The past week has seen Rockies and Indians fans equally lamenting and lauding the trade that brought right-handed pitcher Ubaldo Jimenez to Cleveland in exchange for four minor league players: pitchers Drew Pomeranz, Alex White and Joe Gardner and first baseman Matt McBride. Rockies fans were incredulous that their ace was gone so soon after earning the label. Indians fans thought the front office had traded away the farm and the future. It was this season’s biggest trade. And it gave everybody in Cleveland and Denver something to gripe about.
Jimenez has been surrounded by question marks and speculation this season. After he went 19-8 with a 2.88 ERA in 2010 and was the National League’s starting pitcher in the All-Star Game, he was easy to be excited about, routinely throwing in the upper 90s. This season, he came to the Tribe with a 6-9 record and a 4.46 ERA, and a fastball that strains to hit 95 mph on the speed gun. What happened to his velocity? Was 2010 a fluke? In anticipation of getting some sort of answer to those questions, Jimenez’s first American League start on Friday night ranked somewhere between the second coming and a new Harry Potter title on the scale of anticipation.

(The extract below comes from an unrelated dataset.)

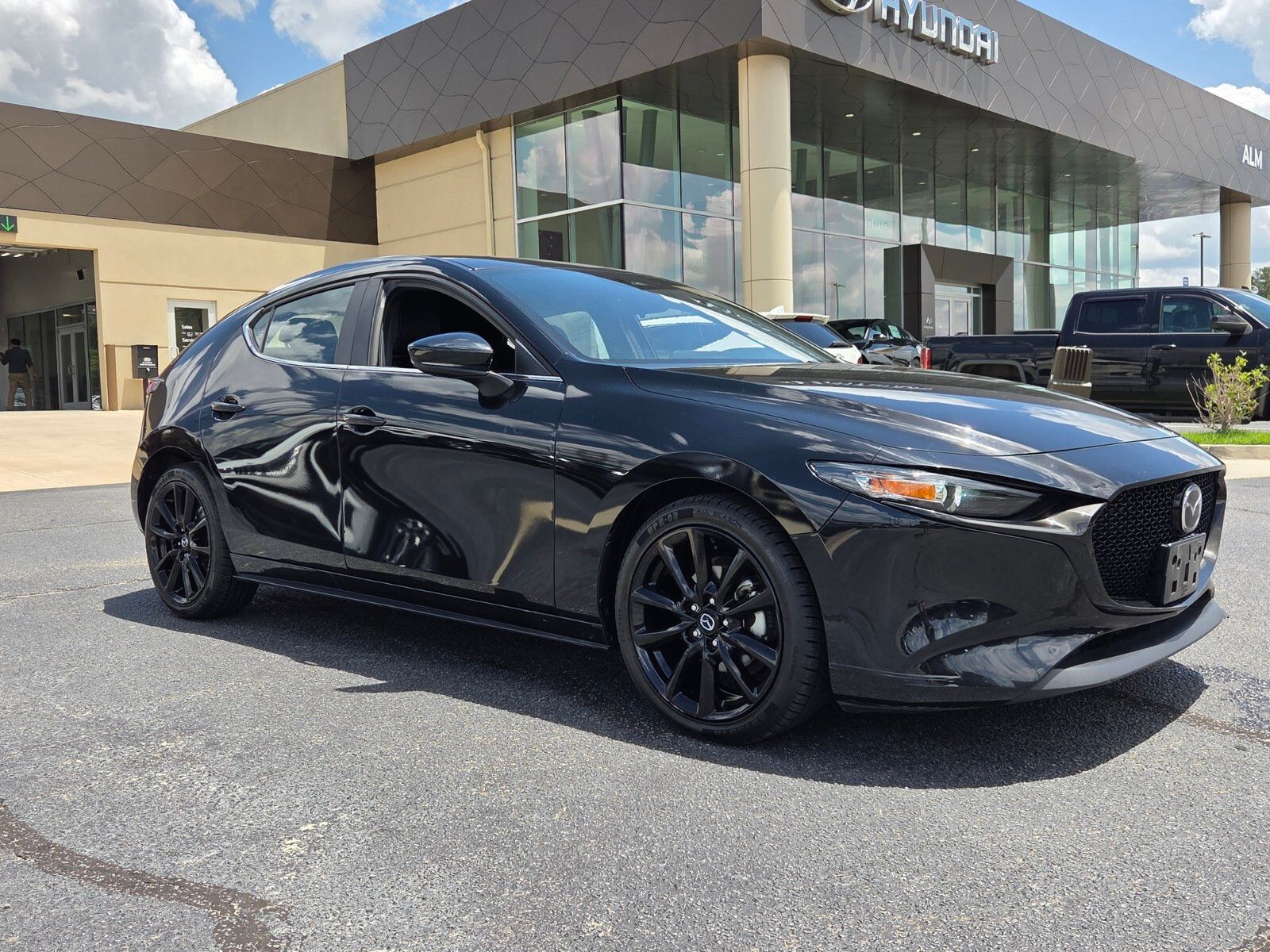 Jet Black Mica 2024 Mazda MAZDA3 Hatchback Front-Wheel Drive 6-Speed Automatic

Taking the mound against the Texas Rangers, Jimenez’s first pitch was a 91-mph called strike, and everyone in Cleveland breathed a sigh of relief. Then he threw two balls and gave up a double to Ian Kinsler, and perhaps just as soon everyone in Denver could say, “Whew, guess we made the right choice.” The thing is, maybe fans in both cities are right. The question of whether or not this was a good trade for either team was never going to be answered on this Friday, and it won’t be answered for a couple of years.
Indians fans have waited for decades for the Next Big Thing to bring them to the World Series, or at least all the way back to a full season of .500 ball. Over the years, the team developed scads of great young players, only to trade them away for a handful of potentially magic beans when they were close to free agency or to use them as bait for a “rebuilding” year. So Indians fans can empathize with the Rockies fans who questioned this trade. White and Pomeranz were supposed to be keys in Cleveland’s starting rotation in a couple of years; now they’re Denver’s Next Big Thing. It’s delightful to see Jimenez in an Indians uniform, make no doubt about that. But the idea of a savior in cleats who will change an entire team’s fortunes in one day is a myth.
On the other hand, baseball is built on a series of immediate answers: ball or strike, fair or foul, safe or out, win or loss. That’s an oddly binary basis for a game that’s played without a clock. Trades aren’t wired that way. Despite a desire for immediate results and a world that increasingly provides just that, moving human beings around in new configurations rarely provides instant gratification. Normally, it can’t.
Jimenez’s first inning as an Indian looked like it could go either way. Kinsler stole third, then scored on a wild pitch. As the game went on, however, Jimenez calmed down, giving up four runs on seven hits and striking out seven in five innings. The fourth and fifth innings gave Cleveland hints of the pitcher the Indians hoped they were getting, as the Rangers went down in order on four strikeouts and a couple of ground outs. But then he started the sixth inning by giving up a solo shot to Mike Napoli, then walking Mitch Moreland before being pulled.
What questions were answered? Jimenez didn’t immediately tear up the joint, but the Rangers are a good team. He didn’t quite answer the question of where his velocity went, throwing his fastball primarily in the low to mid-90s. He hit 97 on at least one four-seamer and 95 and 96 on several others. Does that mean the Indians have the Jimenez of 2010? We won’t find that out after his next start, or the one after that.
In the end, the Indians lost in 11 innings when another wild pitch -- this time by Rafael Perez -- allowed Elvis Andrus to move into scoring position. Perez shouldn’t be judged on one wild pitch, but then again, Jimenez’s future value to the Indians shouldn’t be judged on one game.